The White House has revised its Fact Sheet on the India-US trade deal, dropping the reference to pulses and changing the wording around India's proposed $500 billion purchase from a firm "commitment" to an "intent."

The changes are significant given the sensitivity of agricultural imports, particularly pulses, for India's farm sector.

On Tuesday, the White House fact sheet had explicitly mentioned "certain pulses" among the products for which India would reduce or eliminate tariffs.

"India will eliminate or reduce tariffs on all US industrial goods and a wide range of US food and agricultural products, including dried distillers' grains (DDGs), red sorghum, tree nuts, fresh and processed fruit, certain pulses, soybean oil, wine and spirits, and additional products," stated the earlier version of the Fact Sheet.

The revised paragraph makes no reference to pulses. Instead, it states: "India intends to buy more American products and purchase over $500 billion of U.S. energy, information and communication technology, coal, and other products," it reads.

The White House had released "The United States and India Announce Historic Trade Deal" fact sheet on February 9.

While the reference of the pulses has been dropped, the rest of the wordings around the ‘agricultural products’ remain the same. “India will eliminate or reduce tariffs on all US industrial goods and a wide range of U.S. food and agricultural products, including dried distillers’ grains (DDGs), red sorghum, tree nuts, fresh and processed fruit, soybean oil, wine and spirits, and additional products,” the latest fact sheet says.

India's pulses trade in numbers

India's pulses import bill surged 46 per cent to $5.48 billion in FY2024-25, up from $3.75 billion in FY2023-24. Despite the sharp rise in overall imports, the United States accounted for only $89.65 million of the total outlay in 2024-25.
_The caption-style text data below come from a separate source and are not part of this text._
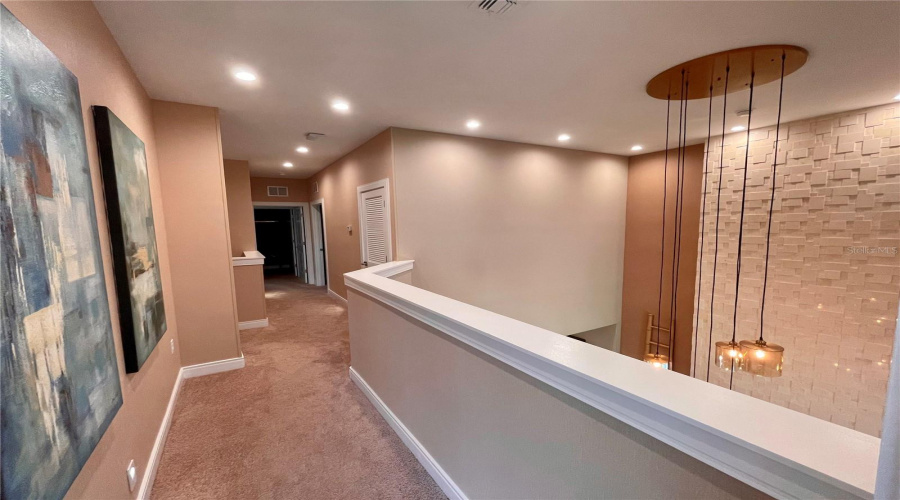 KISSIMMEE, Florida 34747, 4 Bedrooms Bedrooms, ,4 BathroomsBathrooms,Residential,For Sale,BROOKLYN,0,MFRO6322361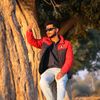 abdulwasiq9
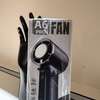 MINI VENTILATEUR PORTABLE thumb 4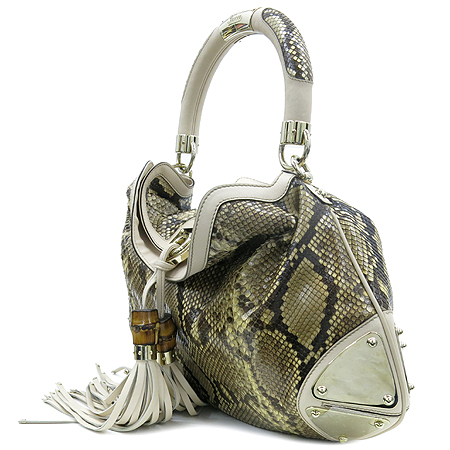 Gucci(����) 177139 ������ ���� ���� �ε� ��Ʈ�� [��������] �̹���2 - ���̺��� �߰���ǰ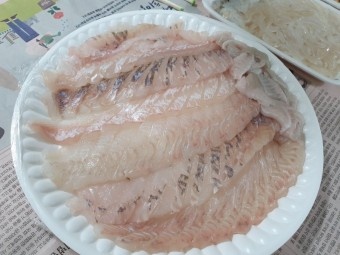 독도회수산 이미지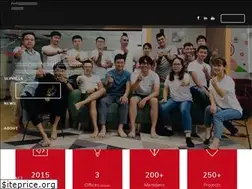 Sites similar to scuti.jp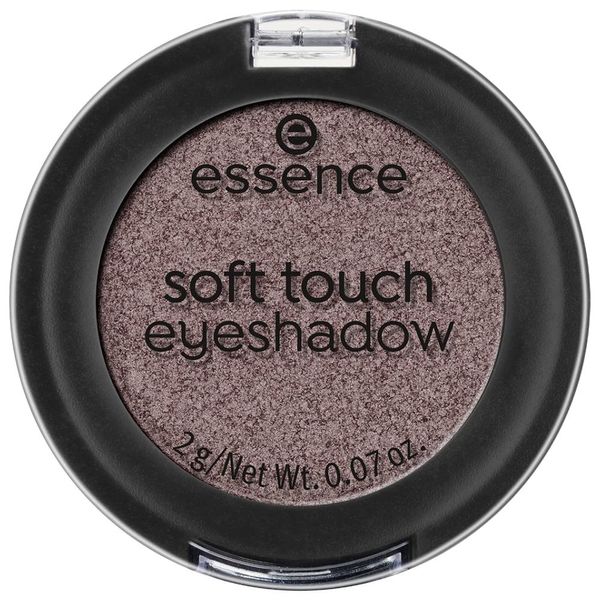 Essence SOFT TOUCHE SOMBRA OJOS 03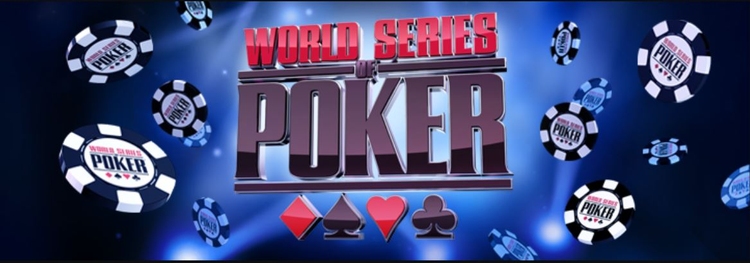 World Series of Poker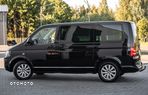 Volkswagen Multivan 2.0 BiTDI L1 Highline DSG - 7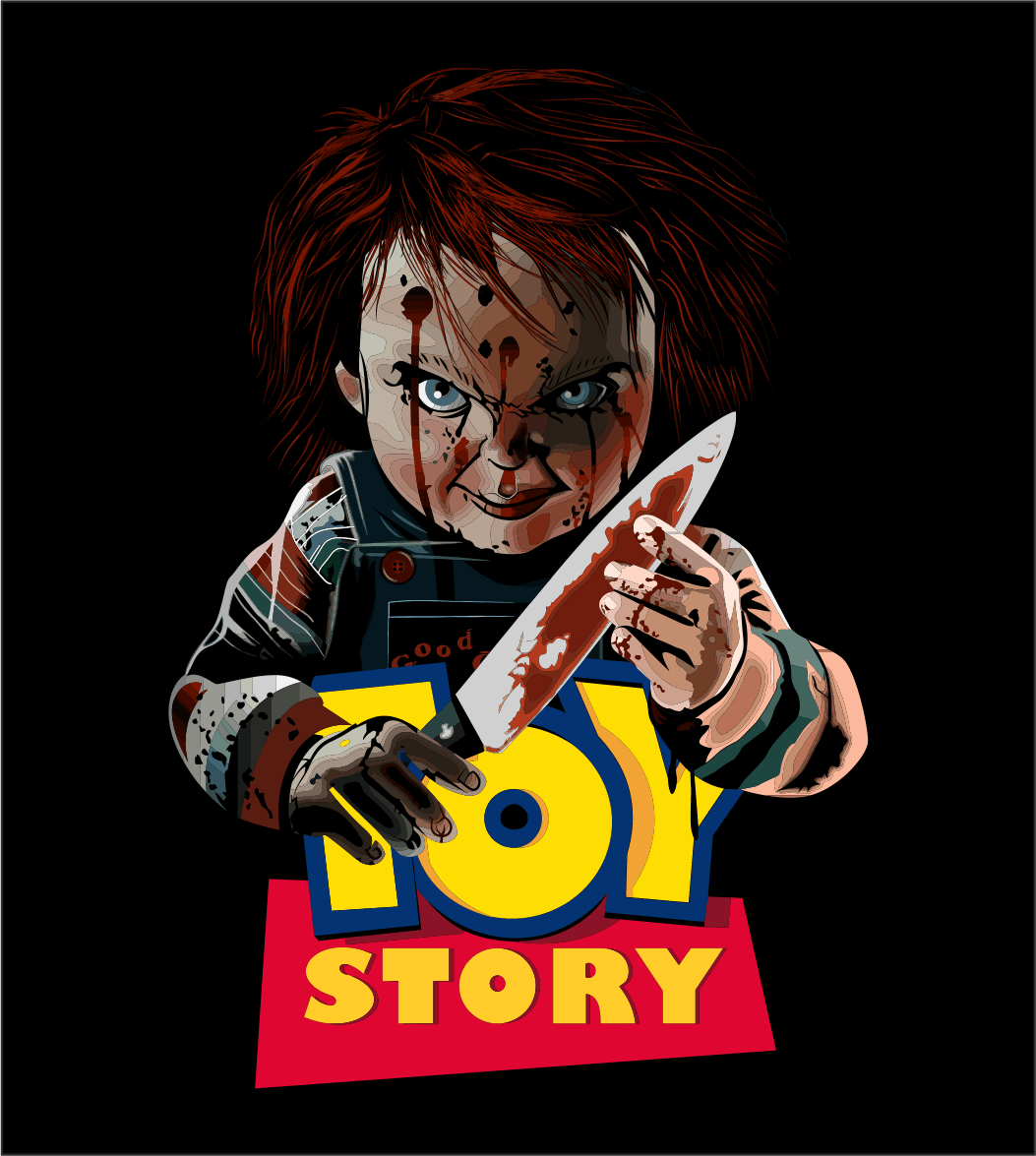 Toy Stroy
During the last fiscal year, India imported lentils worth $78 million from the US - a relatively small share - with Canada ($466 million) and Australia ($328 million) ranking ahead as the top two suppliers.

In value terms, pigeon peas topped India's pulses imports at $1,285.40 million in FY2024-25, followed by Bengal gram at $1,116.64 million, yellow peas at $960.58 million, and lentils at $916.03 million.

On the policy front, imports of tur (pigeon peas) and urad continue to be allowed duty-free until March 31, 2026. However, yellow pea imports have attracted a 30 per cent duty since November 1, 2025. Lentils - the primary pulse imported from the US - are currently subject to a 10 per cent import duty.